La eterna congelación de Kolymá

Leer a Varlam Shalamov es encontrarse con un testimonio del infierno. Leer, por ejemplo, «Relatos de Kolymá», es toparse con la pluma de alguien que fue capaz de decir lo indecible, de representar lo irrepresentable. Los relatos de Shalamov son un auténtico descenso al horror, pero también una reflexión profunda sobre la manera de burilar alguna forma de belleza en medio de las situaciones más degradantes. Estoy seguro que después de leer a Shalamov pocos se aventurarían a utilizar la palabra «infierno» de manera gratuita.
Camus esboza en “El hombre rebelde” que el siglo pasado reemplazó al crimen de pasión por la lógica siniestra del asesinato en masa. En ese escenario turbulento llamado Kolymá, bajo el poder stalinista, esta lógica operó implacable. Un ambiente subhumano. Shalamov transcurrió dieciseis años de su vida confinado allí. Lo acusaron de ser agente trozkista. Millones de hombres padecieron los rigores de una arbitrariedad sin límites, tan cínica como metodológica. Se estima que alrededor de tres millones de ellos no regresaron. A decir de Kapuscinski, el nombre de Kolymá debe incorporarse a la lista de pesadillas del siglo veinte, junto con Auschwitz y Treblinka. Porque aquellos que sobrevivieron nunca volvieron a ser los mismos de antes.
Shalamov no sólo no claudicó, sino que escribió lo que escribió. Retratando la maldad humana. Lo hace con impavidez. Dice que es imposible transmitirlo en el papel. Estos relatos de Shalamov cayeron en mis manos hace dos años. En «Sentencia», recapacita: “El amor no me volvió. Qué lejos queda el amor de la envidia, del miedo, de la furia. Qué poco necesitan del amor los hombres. El amor regresa cuando ya han renacido los demás sentimientos humanos. El amor llega último, es el último en regresar, aunque ¿de verdad regresa? Pero no sólo la indiferencia, la envidia, el miedo fueron testigos de mi retorno a la vida. La piedad de los animales regresó antes que la piedad de los hombres”.

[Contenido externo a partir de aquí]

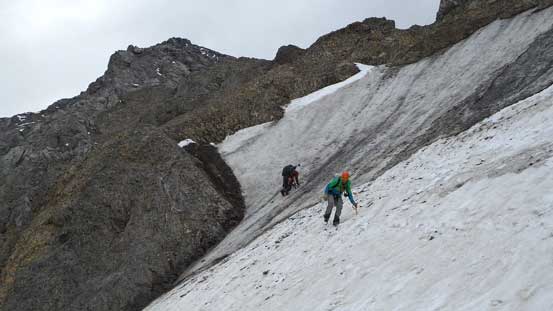 Ben down-climbing ice while Vern transitioning back on snow. 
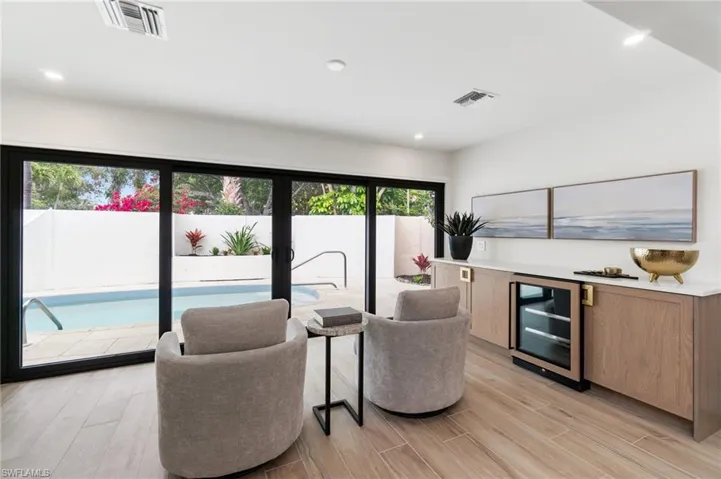Den/sitting area off of the main living space with dry bar and wine cooler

Shalamov se definía como «un cronista de mi propia alma». Como un entomólogo apunta con la obsesión de un orfebre cada instante en ese campo de concentración, donde el salvajismo primario sacudía las horas. «Cada relato, cada una de sus frases, previamente, los grité en mi habitación vacía. Siempre hablo conmigo mismo cuando escribo. Grito, amenazo, lloro. No puedo detener el llanto. Y sólo después, cuando terminé, me seco las lágrimas”. En «La cuarentena de tifus», escribe: “Muchos compañeros habían muerto. Pero algo más peligroso no le dejaba morirse. ¿El amor? ¿El odio? No. El hombre vive por la misma razón que vive el árbol, la piedra, el perro. Y todo eso lo había comprendido, o más que comprenderlo, lo percibía muy bien justamente aquí, en este campo de tránsito, durante la cuarentena de tifus”.
Kafka escribe el castigo en el cuerpo en «La colonia penitenciaria». Shalamov busca recuperarlo. No se abandona a la tentación del suicidio. Pareciera concordar con Dostoievsky: «Se puede amar al prójimo sólo a la distancia». El ruso reinvindica al hombre mediante la búsqueda de belleza. Lo entiende como sinónimo de sabiduría. Con estos relatos trasciende la literatura carcelaria con un estilo pulcro, directo. Describe lo que ve, pero lo describe como si lo viera por vez primera. Mirada descarnada de los hechos que fluye con una transparencia que lastima.